Dans l'ensemble du Canada, les employés congédiés ont généralement l'obligation d'atténuer leurs dommages découlant d'un congédiement déguisé ou injustifié en cherchant un emploi comparable. Un emploi comparable n'est pas nécessairement un emploi identique, mais plutôt un poste comparable en termes de :

  • statut;
  • heures de travail;
  • rémunération.

Si l'employé ne s'est pas acquitté de son obligation d'atténuer ses dommages, la responsabilité de l'employeur à l'égard du préavis raisonnable de congédiement peut être réduite. Fait important, il incombe à l'employeur de prouver que l'employé ne s'est pas acquitté de son obligation d'atténuer ses dommages par la prise de mesures raisonnables ou l'acceptation d'une offre raisonnable de l'employeur actuel ou d'un nouvel employeur. Certains tribunaux ont déclaré que, pour faire valoir qu'un employé ne s'est pas acquitté de son obligation d'atténuer ses dommages, les employeurs doivent contribuer aux efforts de réemploi de l'employé en lui fournissant des conseils en matière d'emploi, des pistes d'emploi ou une lettre de recommandation. Il peut donc s'avérer très difficile de prouver qu'un employé a manqué à son obligation.
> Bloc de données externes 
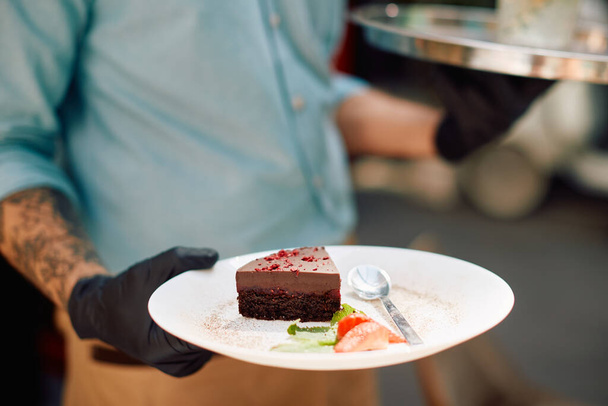 Close-up of waiter wearing protective gloves while serving dessert in a cafe. - 写真・画像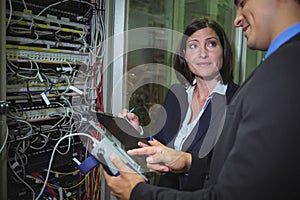 Technicians interacting with each other while analyzing server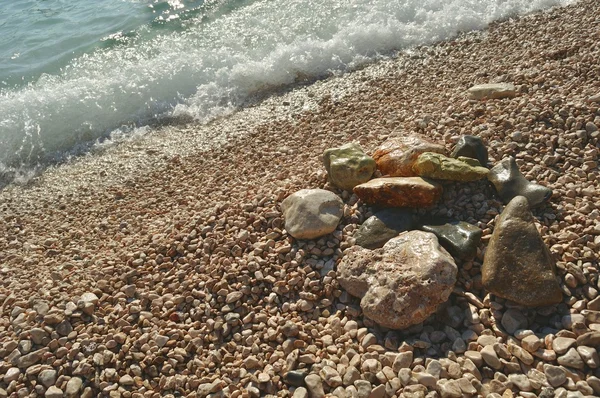 Pietre sulla spiaggia con onda — Foto Stock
Des décisions récentes de l'Ontario et du Québec donnent une idée des circonstances où les tribunaux concluront que les employés n'ont pas réussi à atténuer leurs dommages.

Gannon c. Kinsdale Carriers

Une récente décision d'une cours de l'Ontario1 concernait une employée ayant été congédiée sans motif valable après 22 ans de service en raison de la fermeture de l'entreprise pour laquelle elle travaillait. Au moment de son congédiement, les fonctions de l'employée comprenaient la gestion des comptes clients, la répartition et le travail de commis de bureau.

Après avoir informé l'employée de la fermeture imminente de l'entreprise, l'employeur lui a fourni les coordonnées d'une entreprise du même secteur afin qu'elle s'informe des possibilités d'emploi. L'employée s'est rendue à une entrevue d'emploi auprès de cette entreprise. Le tribunal a établi que l'employée s'était vue offrir un poste de répartitrice à temps plein, avec des tâches administratives connexes. L'employée n'a pas accepté le poste, choisissant plutôt de « sonder le marché » et de suivre des cours en ligne.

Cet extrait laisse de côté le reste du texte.